Even as Ray Sabulalo taught hundreds of university students about the government and laws five years ago in his native Philippines, he dreamed of becoming a "citizen of the United States, a citizen of a world leader."
Yesterday, Sabulalo realized his dream after learning more than enough to teach fellow Americans about his new homeland.
"I thank God and your government and your people for accepting me," he said.
Sabulalo joined 356 others who were sworn in yesterday at the War Memorial Building in downtown Baltimore in one of the largest ceremonies in Maryland this year. The scores of immigrants who raised their right hand to take the oath yesterday had lived at least five years in the country and passed a difficult citizenship exam from the Department of Immigration and Naturalization.
Some immigrants, like 97-year-old Hue Vu of Vietnam, who moved to the United States in 1988, took the oath to be like their children and grandchildren. "She's happy," said her daughter, Linda Tran, who attended yesterday's ceremony to translate for Vu. "Everybody in our house is now a citizen."
For other immigrants, taking the 140-word oath and renouncing their previous citizenship was the final step to joining a country they have called home for much longer than five years.
Jose Ledos of Silver Spring sat with his wife and his son Emilio, who waved a small American flag as his father waited to take the oath. Ledos came to the United States 30 years ago at the age of 17. "I'm a Spaniard in my soul, but I'm an American in my heart," he said.
The new Americans were welcomed by Martin Ford, head of the Maryland Office for New Americans. Ford urged the crowd to learn more about the United States while preserving their cultures.
"Let your children teach you about American ways, but don't believe you must accept all of them," Ford said. "Eating at McDonald's is fine -- once in a while."

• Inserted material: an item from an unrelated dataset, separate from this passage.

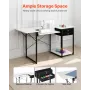 VEVOR Sewing Table, Multipurpose Sewing Machine Table with Drawers, Foldable Side Shelf, Adjustable Shelf, Steel Legs, Computer 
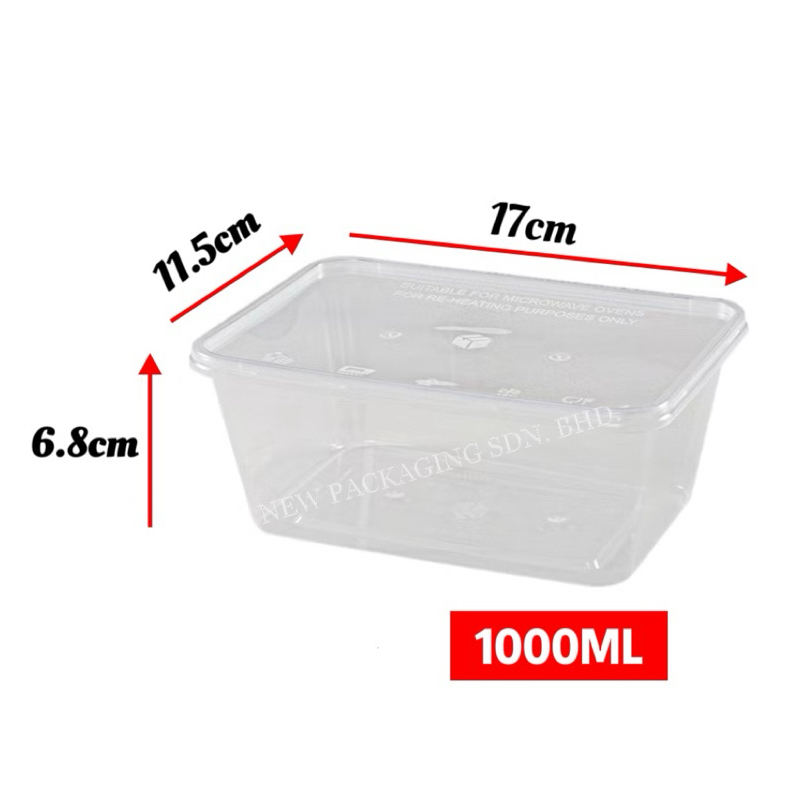 MW-S1000 Rectangular Plastic Food Container with Lids 1000ML [10/50Sets ...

The end of the century has brought a wave of immigrants that will change the face of the country in the next 20 years, Ford said.
More than 26 million immigrants live in the United states, almost 10 percent of the population. Nearly 66 percent of America's population growth in the next 50 years will come from immigration.
"Historians will look back at our time and say, 'Now there was an important period for the United States, a crucial time for America,' " said Ford. "As new citizens, you will play a part in American history. Even more important will be the part that your children play."
Florette Simister, 73, of Jamaica spent much of her morning trying to find a parking space and filling out naturalization paperwork. The effort took its toll, she said. She collapsed before the ceremony in the front row of the auditorium where the oath was going to be given. She had to be taken to Mercy Medical Center for treatment of heart problems.
After the swearing-in, Simister received a bedside visit at the emergency room from Immigration Department District Director Benedict J. Ferro. He administered the oath as a crowd of nurses, doctors and hospital workers watched.
The staffers took a picture with their forensics camera.
"I've seen people born, baptized and married in the E. R.," said hospital Police Officer Paul Manley. "But this is a first."
Simister was released from the hospital later in the day.